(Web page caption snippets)
########

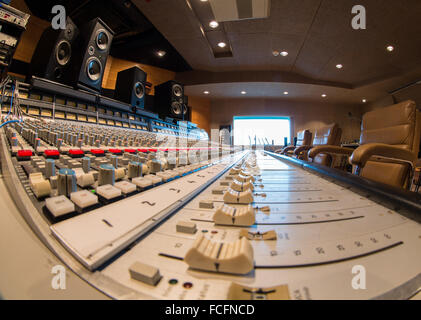 Vista laterale di ssl e serie di missaggio del suono di scrivania con focale professional twin 6essere e pro ac studio 100 e 1mk 2 studio di altoparlanti Foto Stock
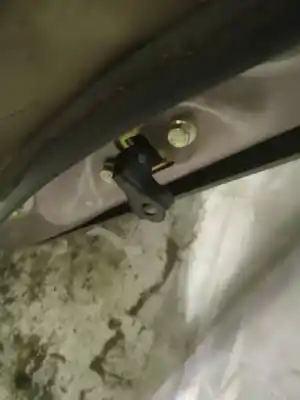 Автозапчастина б/у петля для nissan note (e11, ne11) 1.4 посилання на oem iam 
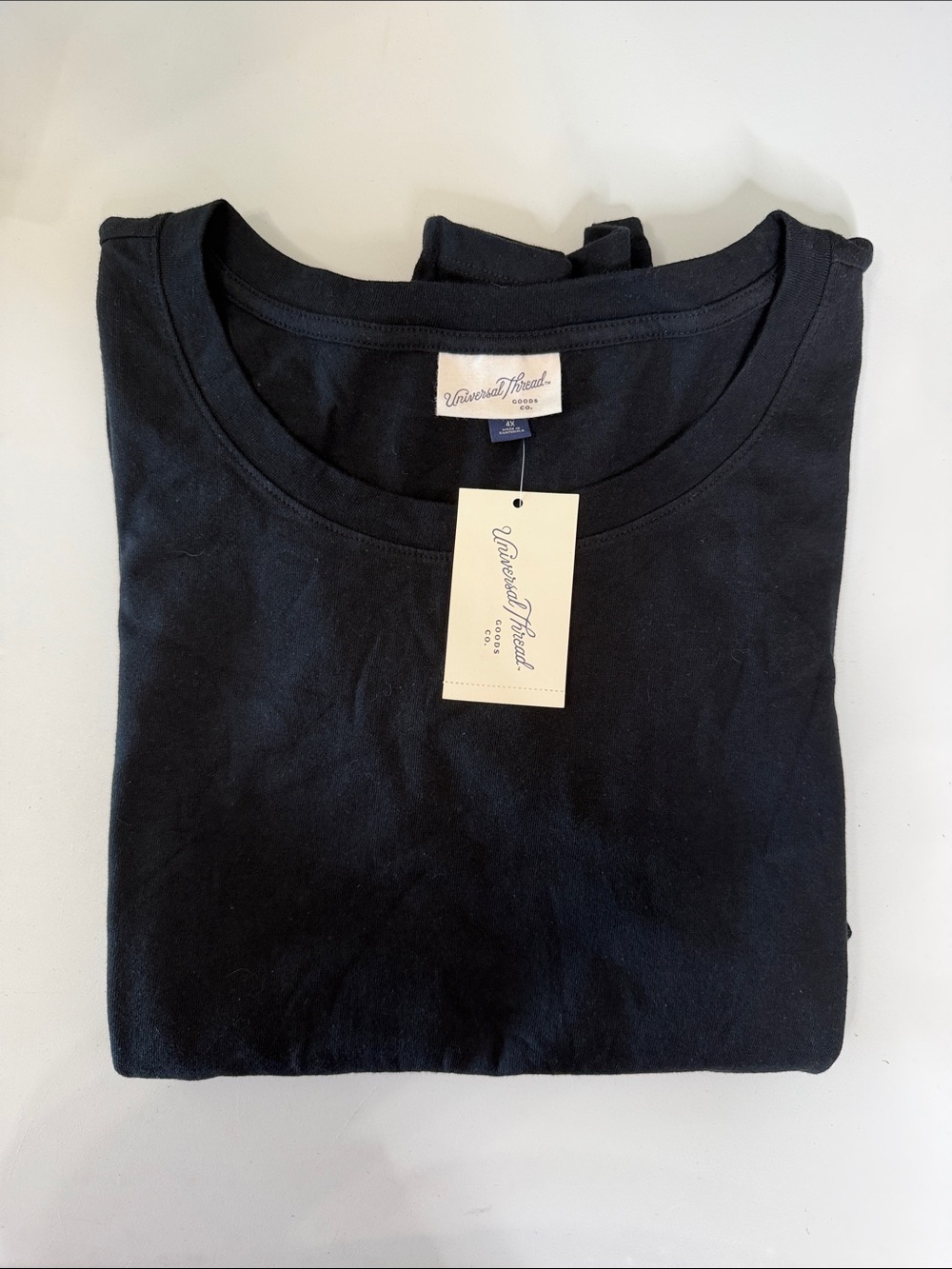 Universal Thread Black Short Sleeve Crewneck Tee with Contrast Stitching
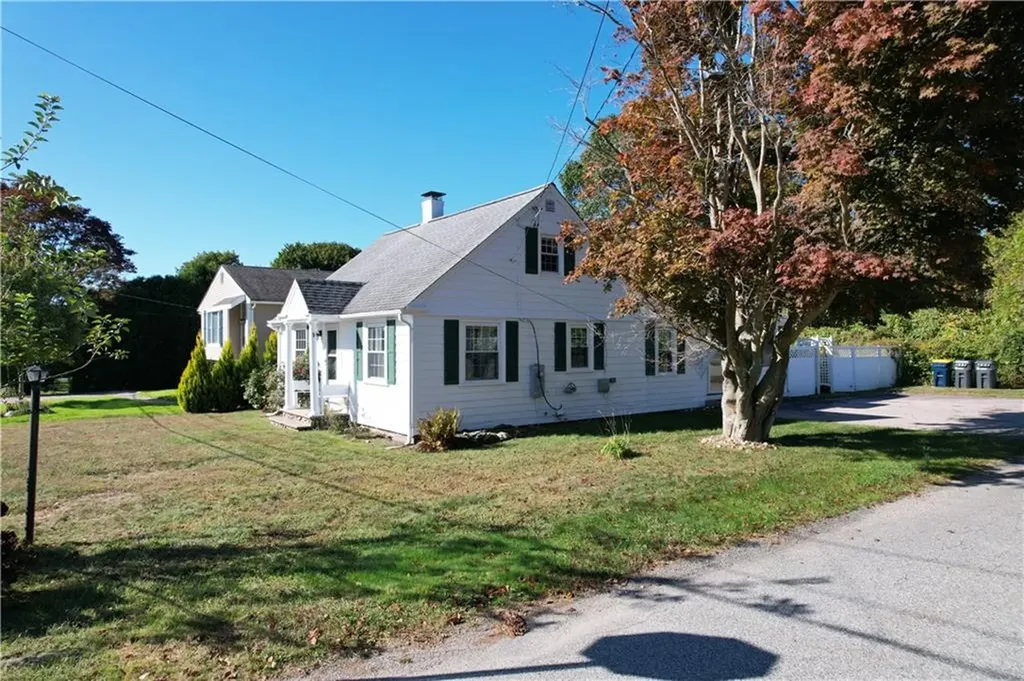 19 Maywood Road Narragansett RI 02882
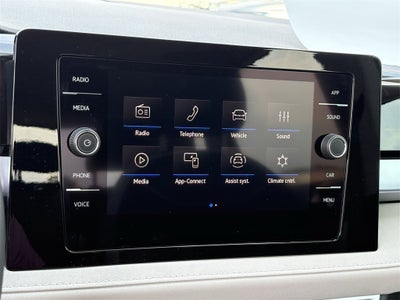 2025 Volkswagen Taos 1.5T SE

########

• _TASK STATEMENT_
Repeat the lines of the records verbatim, starting at the line containing "Автозапчастина б/у петля" and stopping after the final line. Images stay out.

• _ANSWER_
 Автозапчастина б/у петля для nissan note (e11, ne11) 1.4 посилання на oem iam 
 Universal Thread Black Short Sleeve Crewneck Tee with Contrast Stitching
 19 Maywood Road Narragansett RI 02882
 2025 Volkswagen Taos 1.5T SE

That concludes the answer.